> **Task statement**: Retype the records below exactly as they stand, but with no images.

══ Dataset records ══

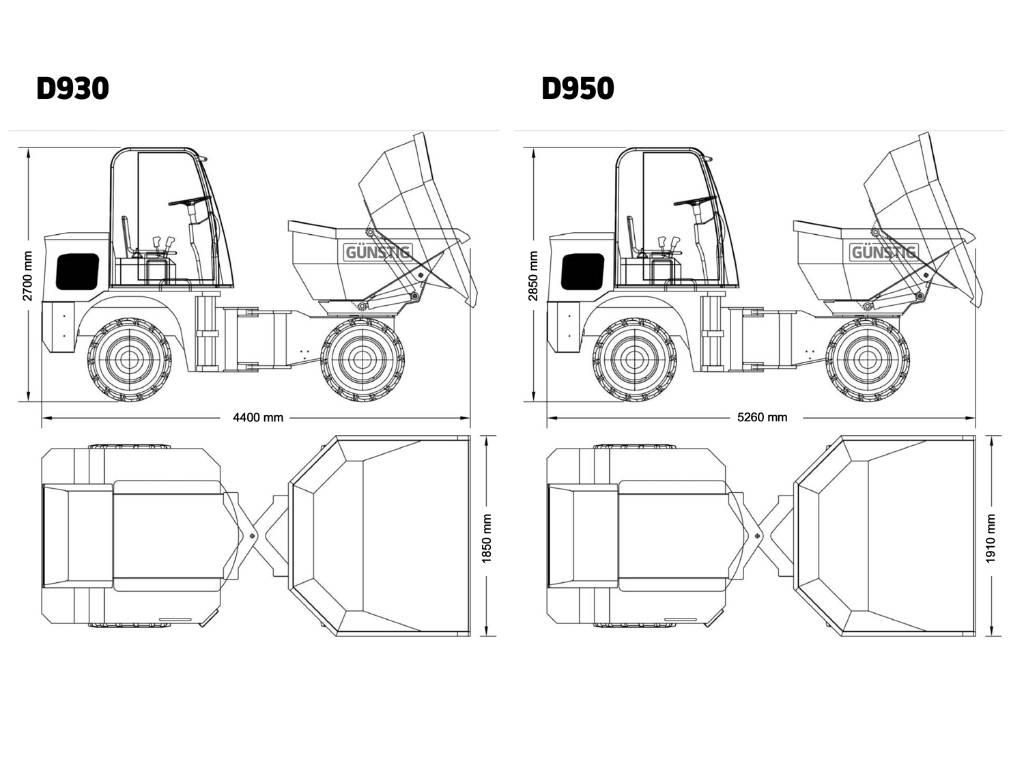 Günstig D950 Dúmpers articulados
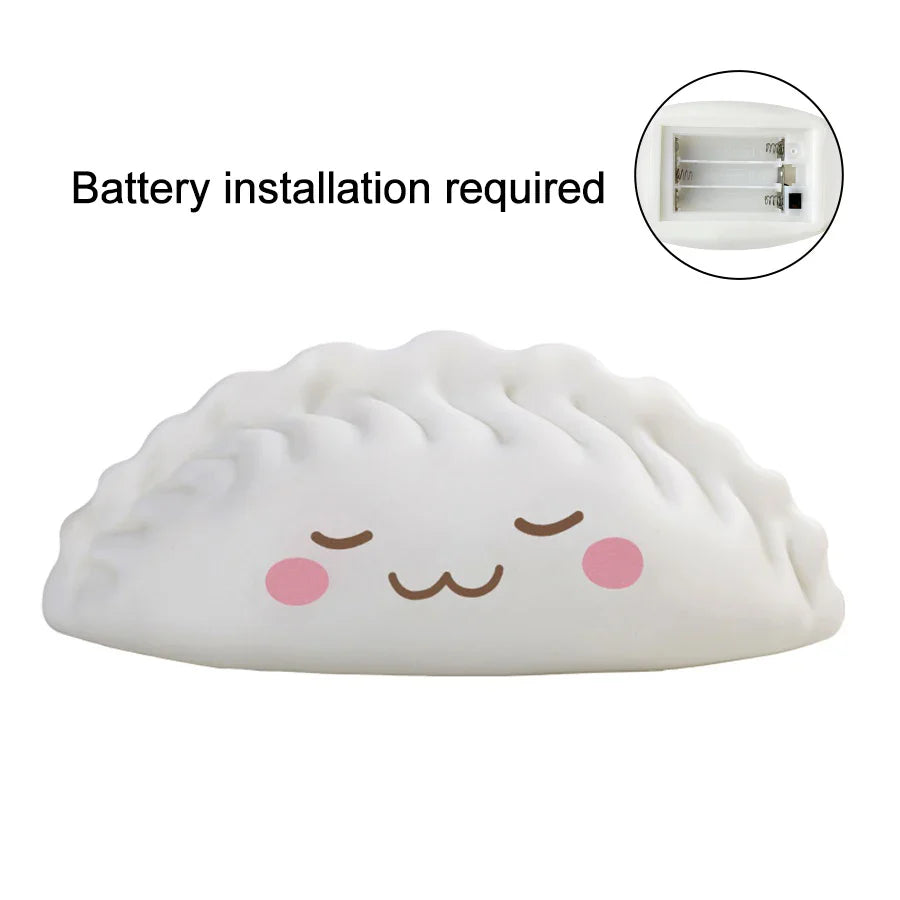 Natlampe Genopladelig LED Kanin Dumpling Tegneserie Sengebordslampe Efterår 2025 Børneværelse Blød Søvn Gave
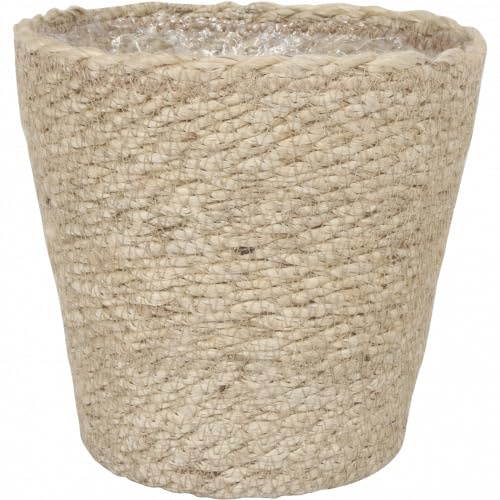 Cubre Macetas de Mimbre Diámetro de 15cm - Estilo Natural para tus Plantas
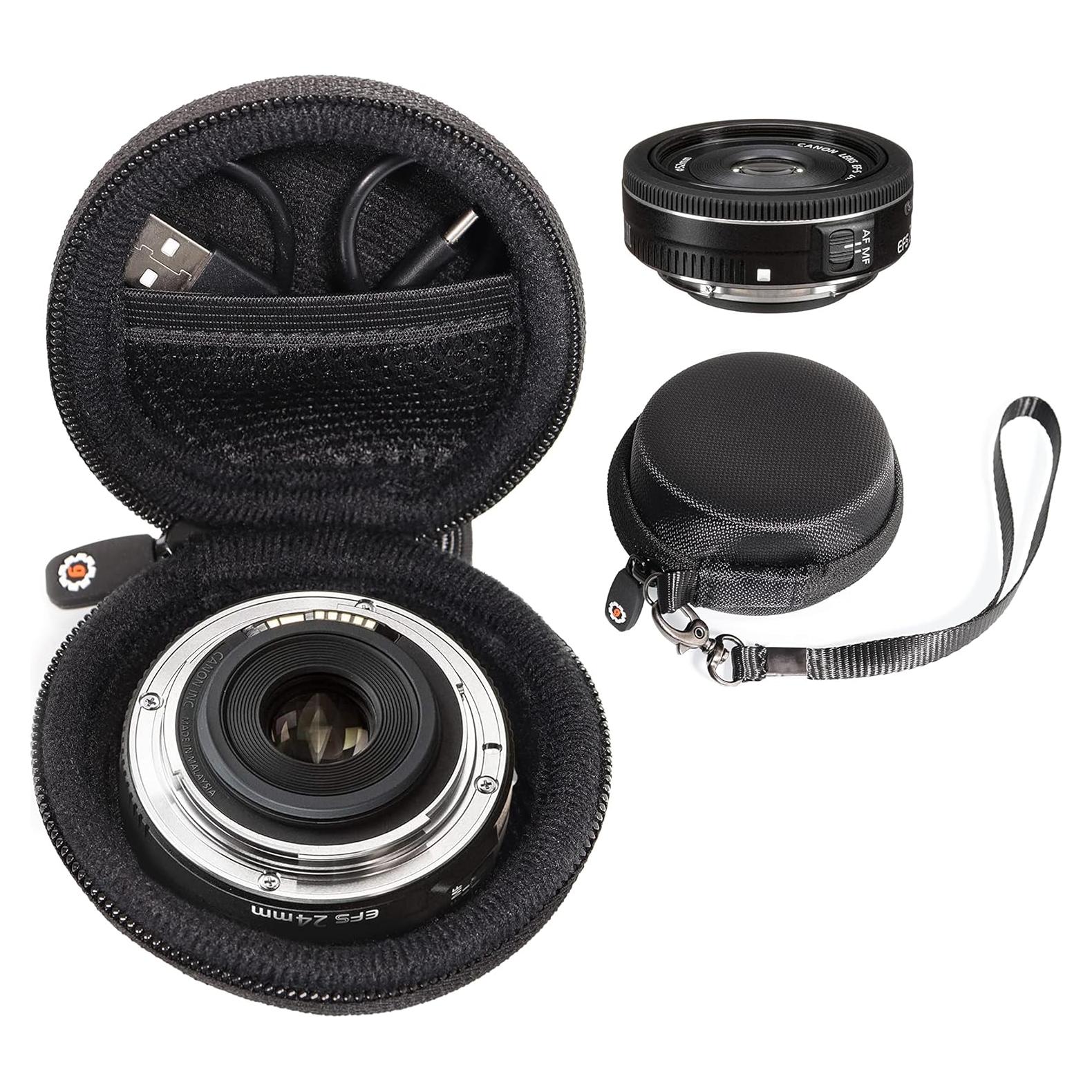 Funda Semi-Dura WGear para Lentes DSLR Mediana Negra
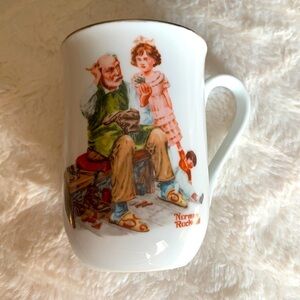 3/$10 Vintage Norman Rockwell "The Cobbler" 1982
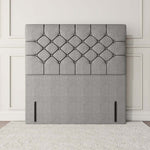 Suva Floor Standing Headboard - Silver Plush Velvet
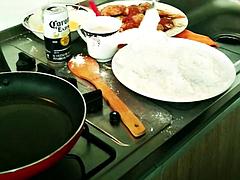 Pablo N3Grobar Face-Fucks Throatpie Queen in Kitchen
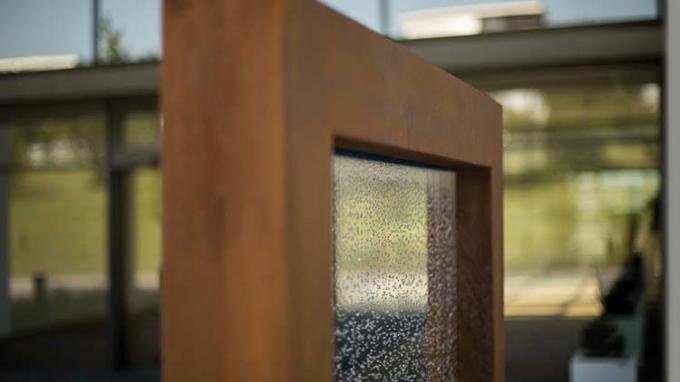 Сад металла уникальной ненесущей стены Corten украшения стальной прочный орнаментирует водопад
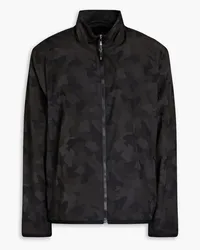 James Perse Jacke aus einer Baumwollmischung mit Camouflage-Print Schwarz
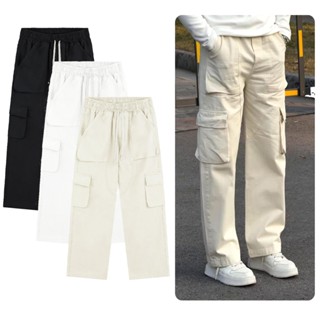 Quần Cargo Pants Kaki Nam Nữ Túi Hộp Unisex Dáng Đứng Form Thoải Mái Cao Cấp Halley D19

═══

> **Written response**:
 Günstig D950 Dúmpers articulados
 Natlampe Genopladelig LED Kanin Dumpling Tegneserie Sengebordslampe Efterår 2025 Børneværelse Blød Søvn Gave
 Cubre Macetas de Mimbre Diámetro de 15cm - Estilo Natural para tus Plantas
 Funda Semi-Dura WGear para Lentes DSLR Mediana Negra
 3/$10 Vintage Norman Rockwell "The Cobbler" 1982
 Suva Floor Standing Headboard - Silver Plush Velvet
 Pablo N3Grobar Face-Fucks Throatpie Queen in Kitchen
 Сад металла уникальной ненесущей стены Corten украшения стальной прочный орнаментирует водопад
 James Perse Jacke aus einer Baumwollmischung mit Camouflage-Print Schwarz
 Quần Cargo Pants Kaki Nam Nữ Túi Hộp Unisex Dáng Đứng Form Thoải Mái Cao Cấp Halley D19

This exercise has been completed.